Abstract: This article examines the treatment of several personages identified as Hamites in the Book of Abraham. It proposes that, in contrast to traditional readings of the text, Hamites are featured positively in the Book of Abraham. This is particularly true of the daughters of Onitah and of Pharaoh himself, both of whom are presented as righteous people practicing an early form of monotheism. While I do not claim that the Book of Abraham is completely free of elements possibly deemed to be racially problematic, until now, the positive depiction of the Hamites in the text has largely been overlooked.
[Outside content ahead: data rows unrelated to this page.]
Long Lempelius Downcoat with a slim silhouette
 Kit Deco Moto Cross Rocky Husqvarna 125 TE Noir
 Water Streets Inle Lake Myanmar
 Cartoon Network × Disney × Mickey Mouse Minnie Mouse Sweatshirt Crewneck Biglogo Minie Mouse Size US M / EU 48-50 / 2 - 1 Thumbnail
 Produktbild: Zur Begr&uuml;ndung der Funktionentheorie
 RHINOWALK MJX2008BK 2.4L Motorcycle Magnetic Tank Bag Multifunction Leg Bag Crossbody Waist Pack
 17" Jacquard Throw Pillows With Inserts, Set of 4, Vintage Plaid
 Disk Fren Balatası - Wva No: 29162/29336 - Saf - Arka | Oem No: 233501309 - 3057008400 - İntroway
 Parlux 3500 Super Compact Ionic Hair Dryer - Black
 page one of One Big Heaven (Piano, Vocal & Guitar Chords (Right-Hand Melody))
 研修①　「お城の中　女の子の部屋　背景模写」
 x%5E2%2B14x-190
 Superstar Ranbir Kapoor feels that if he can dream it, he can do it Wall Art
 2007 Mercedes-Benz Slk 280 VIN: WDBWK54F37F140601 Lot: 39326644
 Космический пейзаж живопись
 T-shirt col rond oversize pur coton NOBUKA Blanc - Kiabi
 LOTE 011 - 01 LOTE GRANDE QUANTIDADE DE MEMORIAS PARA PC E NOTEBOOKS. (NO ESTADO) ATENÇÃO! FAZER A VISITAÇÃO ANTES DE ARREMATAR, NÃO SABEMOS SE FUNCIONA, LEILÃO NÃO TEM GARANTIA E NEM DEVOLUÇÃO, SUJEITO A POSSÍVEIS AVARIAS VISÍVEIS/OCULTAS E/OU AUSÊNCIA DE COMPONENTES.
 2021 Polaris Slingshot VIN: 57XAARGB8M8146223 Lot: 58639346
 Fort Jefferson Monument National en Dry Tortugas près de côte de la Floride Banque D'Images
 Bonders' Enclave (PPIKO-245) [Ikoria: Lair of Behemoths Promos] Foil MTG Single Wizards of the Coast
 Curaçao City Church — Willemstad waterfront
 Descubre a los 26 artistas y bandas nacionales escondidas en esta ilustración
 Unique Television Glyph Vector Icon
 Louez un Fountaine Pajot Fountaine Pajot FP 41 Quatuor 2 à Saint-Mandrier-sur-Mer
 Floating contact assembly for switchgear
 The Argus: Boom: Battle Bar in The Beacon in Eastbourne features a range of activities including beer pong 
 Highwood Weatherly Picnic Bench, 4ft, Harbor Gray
It has become in vogue as of late to attack the Restoration by attacking the Book of Abraham (hereafter BoA). One sees this in the recent CES Letter published by Jeremy Runnells and in the frequent discussions of the BoA from numerous critics of the Latter-day Saint faith.1 While most of these arguments against the BoA have been thoroughly rebutted by Latter-day Saint scholars,2 one argument that has not received adequate [Page 34]attention is the charge that the BoA is an explicitly racist, particularly anti-black racist, document.3 John Dehlin, for example, makes this contention in several of his online presentations.4
Scholars who have acknowledged this concern take two positions. The first is that those passages in the BoA that appear to have racist content were not original to the text. This is the view taken by Dan Vogel in his work Book of Abraham Apologetics.5 He argues that the passages referring to a priesthood curse and traditionally applied to black persons of African descent in the history of interpretation were themselves interpolations made by W. W.